Yo, what's up? It's time for another poem! It's midterms week here at Trinity, and you know what that means! STRESS DREAMS!!! WOOOO! WE LOVE HER!!!

So, here is a poem I wrote about a god awful dream I had in which I was embedded with glass needles. It was a pretty lit time, but the weirdest part was waking up and being like "oh hey, what the fuck? That wasn't real?" (As you can tell, I'm very eloquent and have would never deign to speak in the common tongue, but only allow the highest speech to grace my lips)

I hope all of the one person who will ever read this enjoys this poem. I've been working on it since last summer and I finally think it's ready! The part about Pachinko was really hard to get right, and it still doesn't quite work. Tell me if you have any suggestions!

Here's the poem:
I Chime in the Wind

I am a cactus
Glass spines embedded
In chlorophyll flesh

Deep in my marrow
The wind pulls
(I feel it now, 
Clear and ringing pain,
Like teaspoons
On champagne flutes)

Tears trickle
From one Pachinko peg
To the next
To the next 
To the next.

I touch my quills
I pluck the barbs.
(Like unripe fruit,
They do not give.)

I swallow and am 
Chewed alive 

When I wake, 
Cautious fingers probe soft skin
And I am surprised to find myself

Whole. 

Wednesday, 2 October 2019

Mother

Mother

let me hold you and caress you.
like I once did,
long, long ago,
when you were still mine.

let me breathe love into your lungs.
let me make you Mine again.
let me dig my potter’s hands into your supple skin.
let me in
let me in
let Me in


Background

This poem is actually an excerpt from a terrible one I wrote in 2015. I must've been a sophomore or junior in high school, and I found out that they were taking submissions for our school lit mag. I decided to write a poem, in the middle of lunch, that was a dialogue between Mother Nature and society (cringey, I know). I don't think I even edited it, I just submitted it right away. I can't remember if it was accepted or not...

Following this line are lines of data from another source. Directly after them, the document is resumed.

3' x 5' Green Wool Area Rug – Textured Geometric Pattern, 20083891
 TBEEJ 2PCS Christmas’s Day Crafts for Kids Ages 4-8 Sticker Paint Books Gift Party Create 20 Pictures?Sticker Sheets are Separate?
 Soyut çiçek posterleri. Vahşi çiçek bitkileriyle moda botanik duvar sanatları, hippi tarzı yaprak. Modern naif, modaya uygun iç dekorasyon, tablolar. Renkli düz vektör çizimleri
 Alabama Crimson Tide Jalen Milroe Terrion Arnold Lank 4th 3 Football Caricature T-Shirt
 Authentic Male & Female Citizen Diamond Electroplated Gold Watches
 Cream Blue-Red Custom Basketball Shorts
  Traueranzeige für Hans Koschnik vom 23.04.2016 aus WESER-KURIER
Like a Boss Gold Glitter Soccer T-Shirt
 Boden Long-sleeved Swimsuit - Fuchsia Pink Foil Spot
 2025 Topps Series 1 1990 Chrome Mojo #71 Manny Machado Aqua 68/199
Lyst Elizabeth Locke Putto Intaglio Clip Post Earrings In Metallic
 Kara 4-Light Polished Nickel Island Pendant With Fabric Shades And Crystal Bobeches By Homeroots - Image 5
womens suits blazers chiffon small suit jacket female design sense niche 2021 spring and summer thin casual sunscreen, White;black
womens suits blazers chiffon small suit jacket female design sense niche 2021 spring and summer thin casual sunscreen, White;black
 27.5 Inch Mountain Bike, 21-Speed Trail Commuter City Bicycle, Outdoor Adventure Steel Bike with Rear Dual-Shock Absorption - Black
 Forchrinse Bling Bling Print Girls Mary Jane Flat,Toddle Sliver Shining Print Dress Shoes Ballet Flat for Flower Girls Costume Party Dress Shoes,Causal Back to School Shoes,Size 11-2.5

Anyway, I came across it the other day when I was going through my old Google drive writing folder. I hadn't seen it in years, but I really loved the first four lines of the poem, which I took directly from that poem, and I played around with it until it accidentally became this. I hope you all like it, took me ages to get that line about potter's hands just right. The thing that finally cemented it was Wild Geese by Mary Oliver, which doesn't talk at all about potters or hands, but just weirdly made me think of the phrase. (If you haven't read it, you're in for a treat!)

I'm excited to post more on here, for the three people that will read it. I hope all three of you enjoy reading this as much as I enjoy writing it, though I must admit it feels odd to take something you've worked so hard on and throw it into the aether.